Perhaps the absence of a crowd helped, not to mention the sense of much greater issues in train in the wider world. But elements that malfunctioned in that defeat have been refined rather than junked. England have worked hard to tighten that same defensive system. The two-man midfield, an early outing for the Rice-Phillips pivot, has been allowed to grow into a coherent partnership.
The fluid backline, the rotating wing backs, Harry Kane plus speed in attack: the current England team is essentially Denmark Defeat 2.0. But a more gristly, more coherent, more structured version. Wembley will present a fascinating test of the progress made from that point to this.
Committed
Denmark have of course also evolved, the main personnel shift enforced by the trauma of Parken, with Christian Eriksen replaced by the prodigiously talented Mikkel Damsgaard. For the past 10 days they have been an embodiment of the best of these Euros, a likable, stirring, fearlessly committed team, with the will and the tactical wit to press in packs all over the pitch.
Pierre-Emile Højbjerg will not be cowed by the physical intensity of England's central midfield. And Denmark have scored 10 goals in their past three games, an attacking potency that has been a recurrent theme under Kasper Hjulmand.
Southgate will be interested in how those goals have been scored, mainly from crosses. The Danes played a back four against Wales and a back three against the Czechs. The constant has been the wonderful form of their wide players, in particular Joakim Mæhle on the left. There will be a temptation to close down that strength, to stock the full-back areas, perhaps even to match Denmark's shape if they look like opting for a back three.
There are, as always, weaknesses: a lack of speed in central defence, a sense that England’s inside forwards will find space off the back of the Danish midfield.

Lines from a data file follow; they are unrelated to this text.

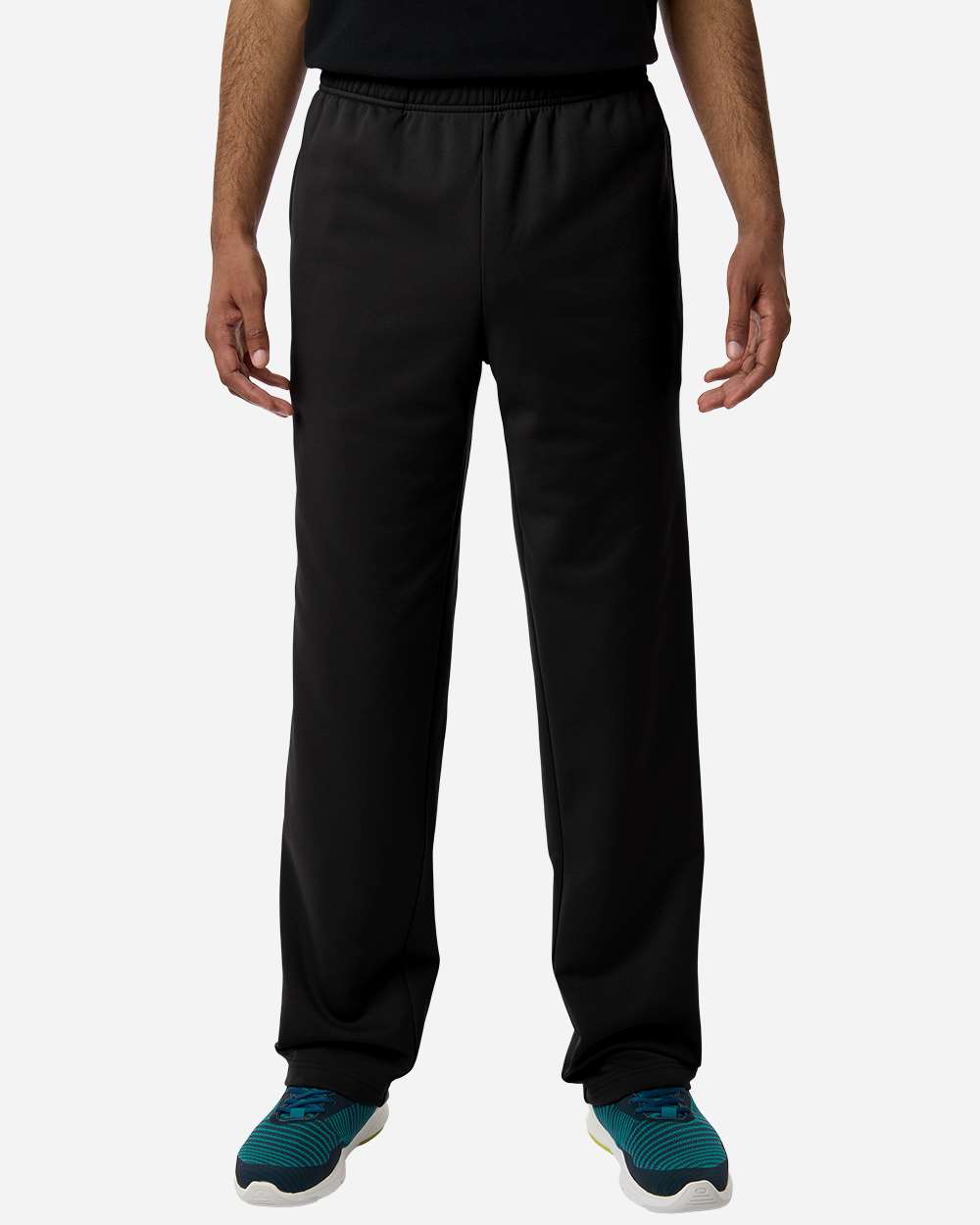 Unisex Squad Tech Fleece Pants – TT805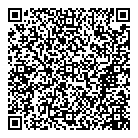 QR код "Деньги в руки"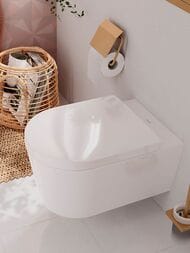 ������� ��� ������� Hansgrohe EluPura Original S � ����������� � ������� ����������, ����� 60148450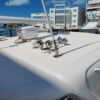 2011 Tiara Yachts 3500 Sovran LE SOHO - Image 3
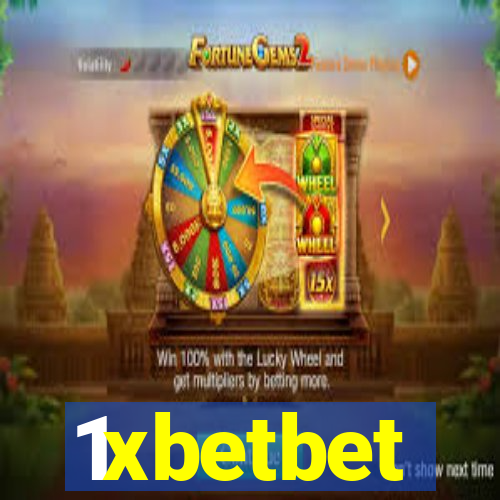 1xbetbet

Then again, this group of Danish players has been so resourceful and uplifting, a team playing with a kind of light around it, that any kind of outcome is possible.
Denmark have also enjoyed hosting benefits to this point, playing all three group games in Copenhagen. Since then they have been to Amsterdam, Baku and now London, a 7,000-mile round trip.
Wembley will hold no terrors. It is a stadium with a special place in Danish football history too. We remember the glory of 1983 and a 1-0 defeat of England that provided the launch point for a dazzling Danish decade. Wembley can be a strange place, a vast grey bowl fretted at various times with grief, sorrow, joy, even disinterest. It will be wild on Wednesday night, but with a kind of jeopardy too for an England team who haven’t made it home just yet.